The $172 price objective implies additional upside from current trading levels at the time of the report. The firm’s model factors in mid-double-digit revenue growth in Dell’s Infrastructure Solutions Group, as well as stable margins in its PC unit despite competitive pressure from other hardware vendors.
Risks highlighted
The note also identifies factors that could temper Dell’s growth trajectory. Chief among them is the ongoing shift by enterprises toward public cloud services, which can reduce demand for on-premises servers and storage. Piper Sandler further cautions that Dell could lose PC market share if consumers and businesses favor rival brands during the Windows replacement cycle.
Additionally, the analysts point to macroeconomic uncertainty and potential delays in corporate capital-expenditure budgets. If technology spending weakens, the timing and scale of the envisioned refresh could slip, affecting Dell’s revenue forecasts.
Company overview
Dell Technologies, headquartered in Round Rock, Texas, provides information-technology hardware, software, and services to customers worldwide. Its Infrastructure Solutions Group sells servers, storage arrays, and networking equipment, while the Client Solutions Group offers laptops, desktops, and peripherals to commercial and consumer buyers. The company also operates a small but growing services unit that supports multi-cloud deployments and cybersecurity solutions.

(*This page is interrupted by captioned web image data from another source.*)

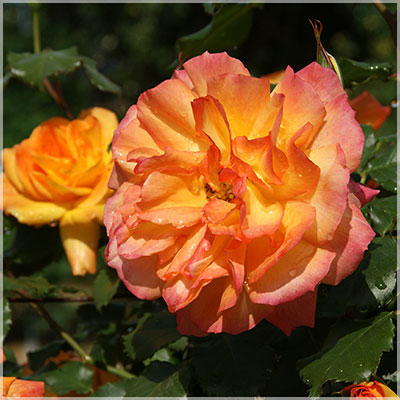 相原バラ園 / サハラ（CL）【大苗】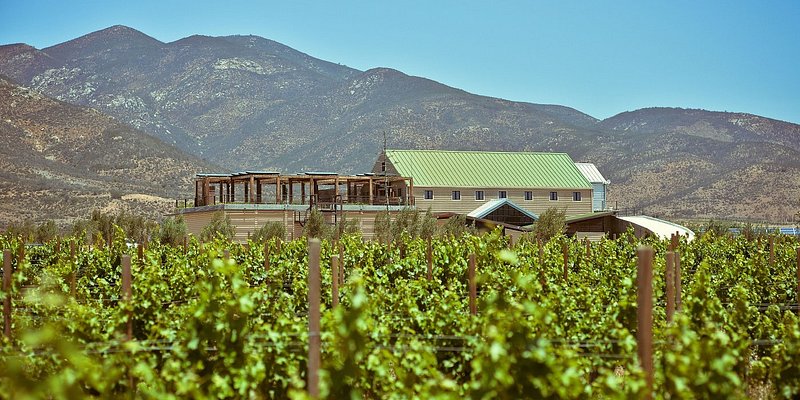 Finca La Carrodilla winery and vineyard in Valle de Guadalupe, Mexico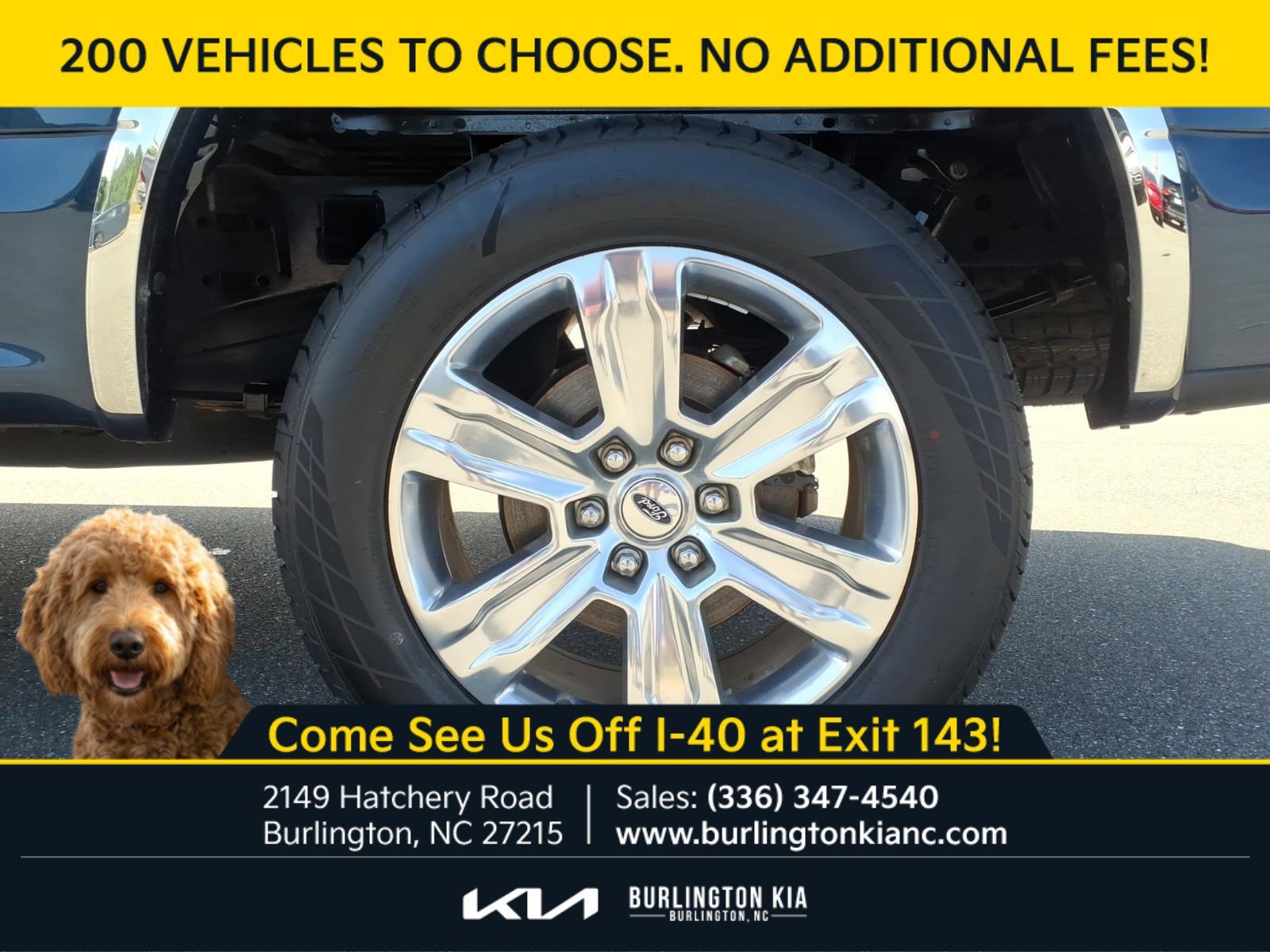 Used 2020 Blue Ford Platinum image 23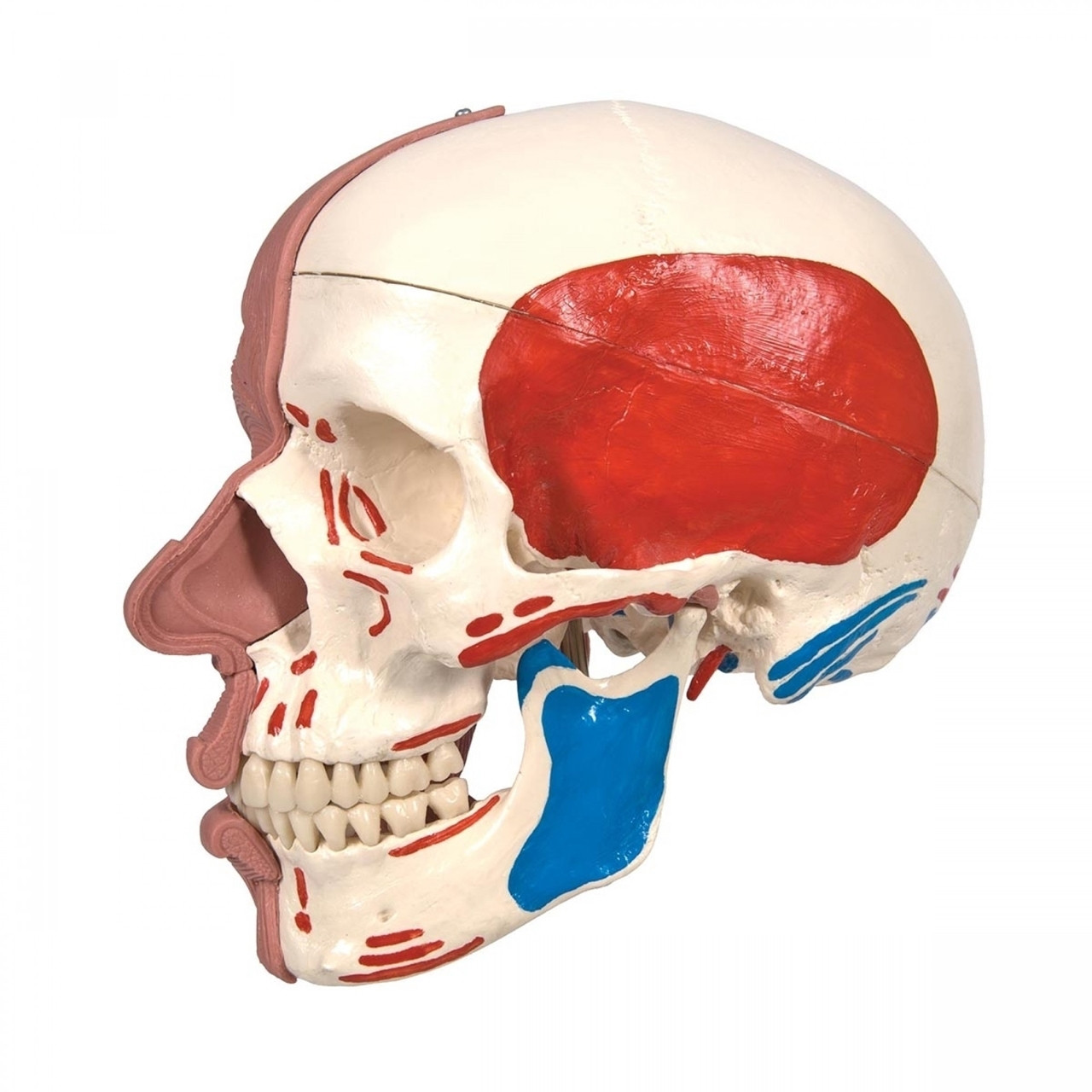 Muscle Insertion Origins Vision Scientific Human Skull Model With ...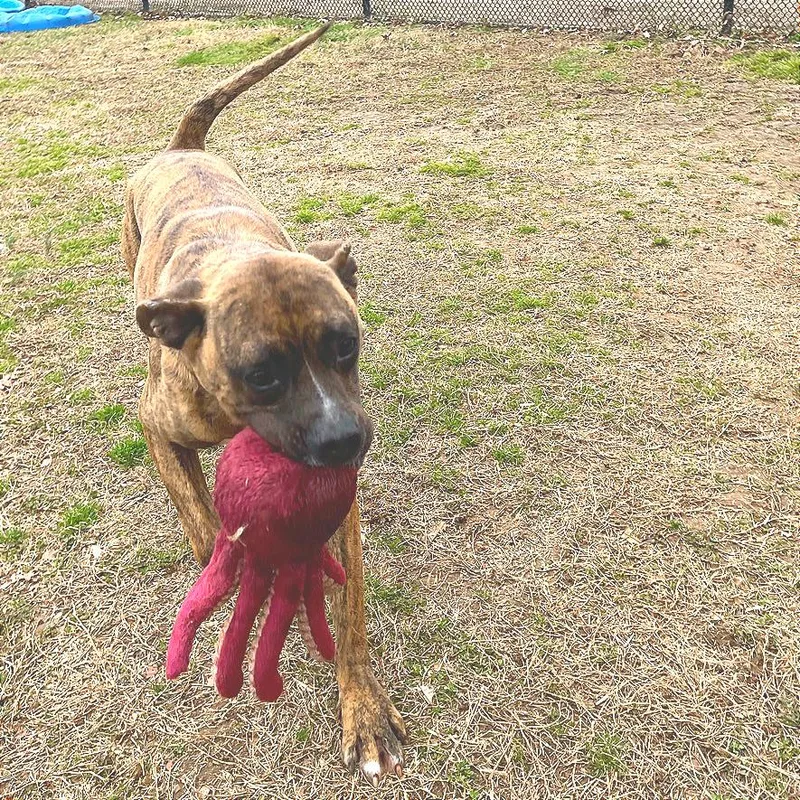 Mayweather thumbnail 5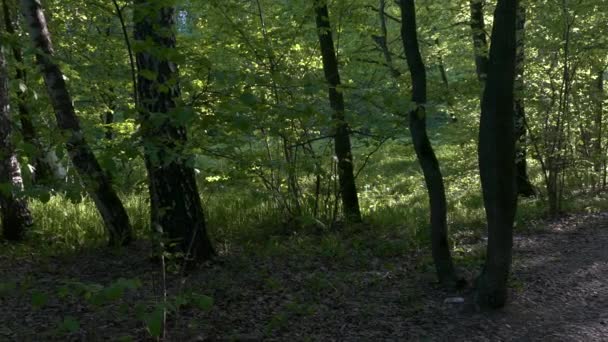 Prachtig bos op een zonnige dag — Stockvideo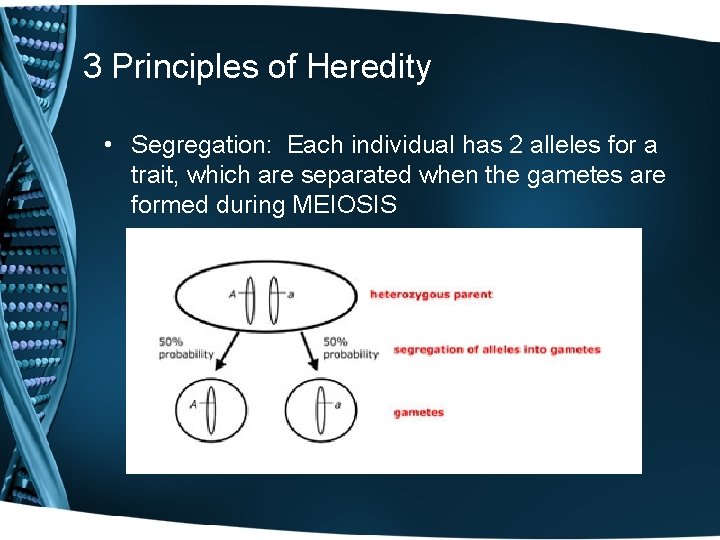 3 Principles of Heredity • Segregation: Each individual has 2 alleles for a trait,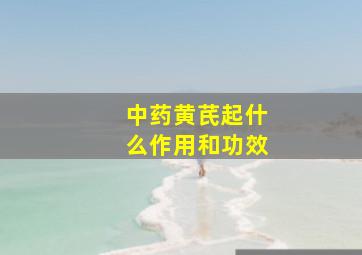 中药黄芪起什么作用和功效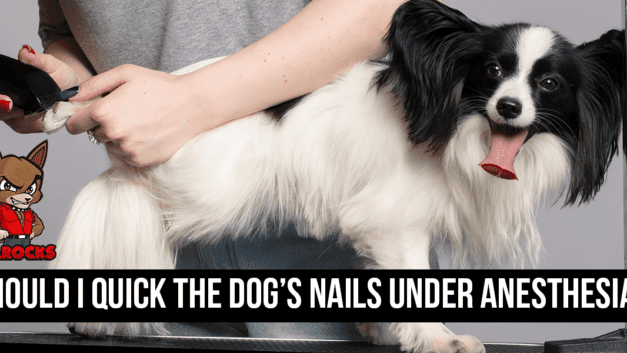Should I Quick the Dog’s Nails Under Anesthesia?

In recent quarters, management has emphasized AI-ready systems and integrated solutions designed to simplify deployment of large language models and data analytics workloads. The company has partnered with leading semiconductor manufacturers to supply accelerators and processors optimized for AI training and inference.
Outlook into 2026
Piper Sandler’s forecast assumes that many enterprise data centers will reach the end of a typical four- to five-year hardware refresh cycle in 2026. The firm expects heightened demand for servers equipped with advanced CPUs and GPUs, higher-density storage, and updated networking fabrics capable of supporting AI and other data-intensive applications. Dell’s existing channel relationships and ability to bundle hardware with financing options are viewed as competitive advantages in capturing that spend.
Separately, the sunset of Windows 10 support is projected to influence corporate IT budgets in 2025 and early 2026. Companies that postpone migration could face higher support costs and security risks, encouraging them to replace aging PCs. Dell, traditionally a leading supplier of commercial notebooks and desktops, may see incremental unit shipments as the deadline approaches.
While Piper Sandler acknowledges the competitive and macroeconomic risks, the brokerage concludes that the combination of AI infrastructure investment, operating-system migration, and a broad data center refresh cycle could provide Dell with multiple avenues for revenue growth. The firm’s Overweight rating reflects confidence that these factors, taken together, outweigh potential headwinds from public cloud adoption and PC share shifts.
Market participants will monitor Dell’s quarterly results and guidance for signals that enterprise customers are beginning to allocate budgets for the cycles envisioned by Piper Sandler. Any evidence of early orders for AI-optimized servers or increased PC procurement tied to Windows 10 replacement could validate the brokerage’s projections ahead of the 2026 time frame.